[Task inputs]
┌──

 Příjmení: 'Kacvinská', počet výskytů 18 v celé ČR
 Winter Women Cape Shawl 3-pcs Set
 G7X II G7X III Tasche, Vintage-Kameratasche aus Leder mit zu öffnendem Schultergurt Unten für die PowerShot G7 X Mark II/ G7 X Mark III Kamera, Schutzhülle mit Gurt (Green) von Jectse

└──
┌──

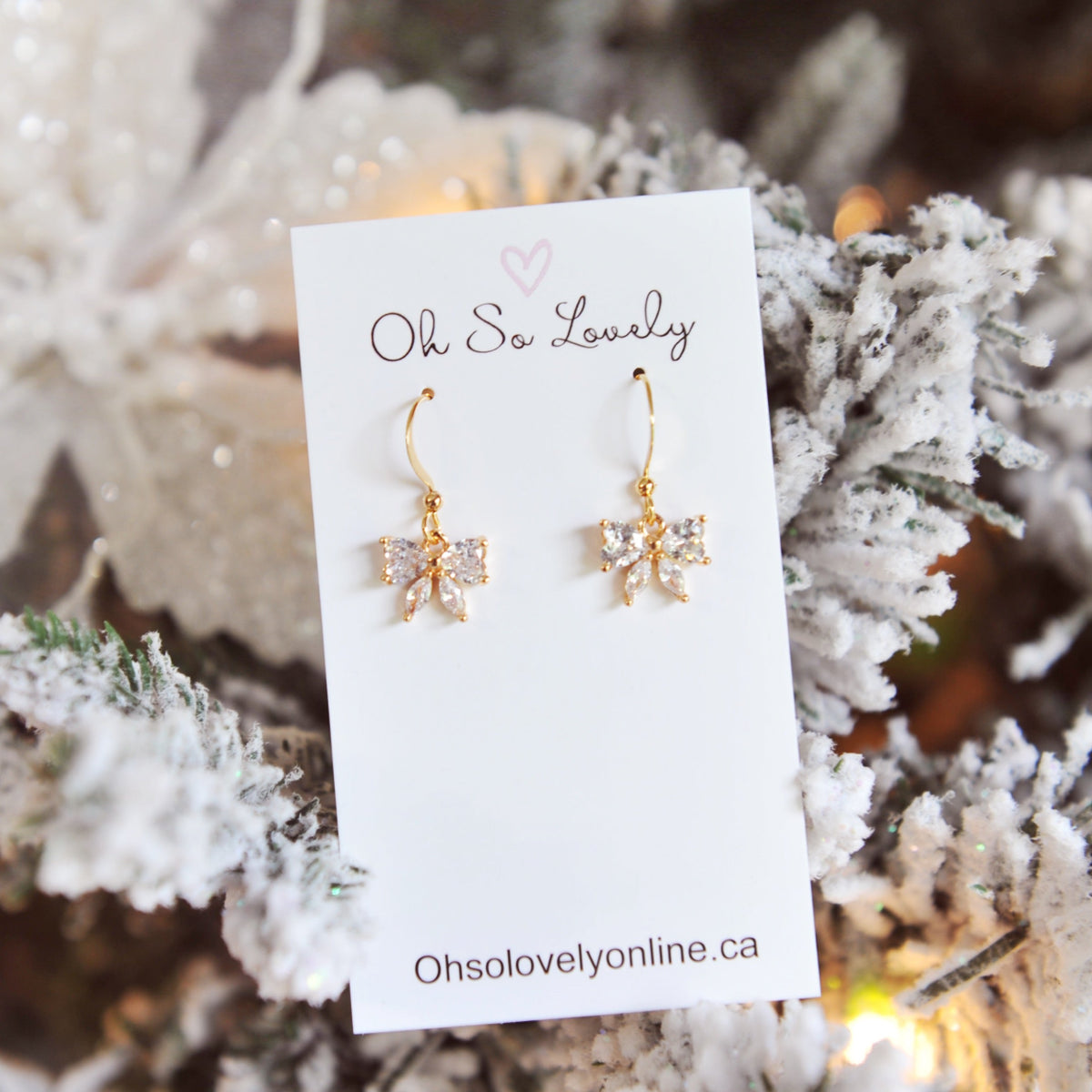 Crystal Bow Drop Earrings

└──

[Task brief] From the line holding "Příjmení: 'Kacvinská', počet" to the line holding "G7X II G7X III", inclusive, restate each line above exactly as written.

[Answer area]
 Příjmení: 'Kacvinská', počet výskytů 18 v celé ČR
 Winter Women Cape Shawl 3-pcs Set
 G7X II G7X III Tasche, Vintage-Kameratasche aus Leder mit zu öffnendem Schultergurt Unten für die PowerShot G7 X Mark II/ G7 X Mark III Kamera, Schutzhülle mit Gurt (Green) von Jectse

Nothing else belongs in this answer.